Klaus Kinski repeatedly raped me during my childhood, claims daughter

This article is more than 11 years old
Pola Kinski says the actor, who died in 1991, subjected her to 14 years of sexual abuse and violence from the age of five or six

The eldest daughter of the German actor Klaus Kinski has claimed she was sexually abused by him when she was a child.

In an interview, Pola Kinski said her father, best known as the lead actor in films by the director Werner Herzog, repeatedly raped her over a 14-year period.

"He [Klaus Kinski] started touching me and kissing me with an open mouth when I was quite small, around five or six years old," she told Stern magazine in an interview published on Thursday, ahead of the publication of her autobiography in Germany next week.

Twenty years after his death the self-taught actor who became something of a German legend, is unable to answer the claims. But his daughter said that having spent years living in fear that no one would believe her she had finally decided to break her silence.

Pola Kinski, 60, lives in Germany and is also an actor. She said she suffered years of physical and verbal abuse at the hands of her father whose behaviour she said was often threatening.

"As a child I always had to keep my mouth shut because he was always threatening me. And I was dependent on him, on his affection."

She added that her father had told her his behaviour was quite natural. "[He said] all over the world fathers do the same thing with their daughters."

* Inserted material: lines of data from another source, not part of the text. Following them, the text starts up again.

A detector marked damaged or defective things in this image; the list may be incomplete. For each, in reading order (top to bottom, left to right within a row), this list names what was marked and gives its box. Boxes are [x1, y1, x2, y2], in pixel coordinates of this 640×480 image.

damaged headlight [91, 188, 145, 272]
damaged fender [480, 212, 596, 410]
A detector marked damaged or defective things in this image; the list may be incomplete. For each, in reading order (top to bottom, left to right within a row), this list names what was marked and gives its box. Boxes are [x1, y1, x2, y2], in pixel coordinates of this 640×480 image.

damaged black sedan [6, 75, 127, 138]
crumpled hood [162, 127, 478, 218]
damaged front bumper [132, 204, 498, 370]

In her book Kindermund, or Child's Mouth, Pola Kinski goes into graphic detail of the alleged abuse by her father who died of a heart attack in 1991. She describes how torn she felt between wanting to please him and wanting to reject his advances. "Feelings of guilt torture me," she said. "That I disappointed him, that I ever let him do it. I cry unrestrainedly.

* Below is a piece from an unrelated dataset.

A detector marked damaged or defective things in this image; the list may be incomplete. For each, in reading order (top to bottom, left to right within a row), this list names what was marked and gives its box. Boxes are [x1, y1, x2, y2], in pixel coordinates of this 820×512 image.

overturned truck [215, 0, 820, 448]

"I've written a book about it because I can no longer bear the fact that a person whose halo gets bigger from year to year is being glorified in this way."

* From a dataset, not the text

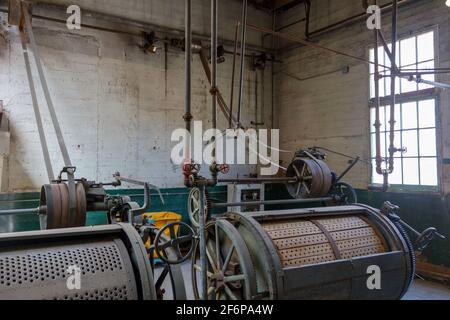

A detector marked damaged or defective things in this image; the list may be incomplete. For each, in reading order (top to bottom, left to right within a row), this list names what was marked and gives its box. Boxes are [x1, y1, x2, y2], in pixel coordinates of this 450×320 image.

rusted metal surface [262, 215, 384, 268]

She said she resented the fact that her father was increasingly hailed as an acting genius. "That's why I wanted to create a very clear picture of who this person really was," she said.

She told the magazine that she had never been able to watch any of her father's films in which he typically played tyrants, criminals and outlaws. "When I did catch a glimpse of one I always thought: 'he's precisely like he is at home'," she said.

"Whether people believe me or not, I was the one who experienced it," she continued. "It is the truth".

She added that she had not spoken about it to her half-sister, the actor Nastassja Kinski, who lives in the US, because they were not in contact. An agent for her half-brother, Nikolai Kinski, also an actor and based in Berlin, said he did not want to comment on the allegations.

Pola Kinski said she broke off all contact with her father when she was 19. When he died she felt no emotion, she told Stern. "When he died my mother [the singer Gislinde Kühlbeck], told me on the telephone and I felt nothing, neither a sense of sadness nor hate."

She said she hoped her book would help other victims of abuse gather the courage to tell their stories.

"In one way or another it's as if you've been given a life-long prison sentence," Kinski added.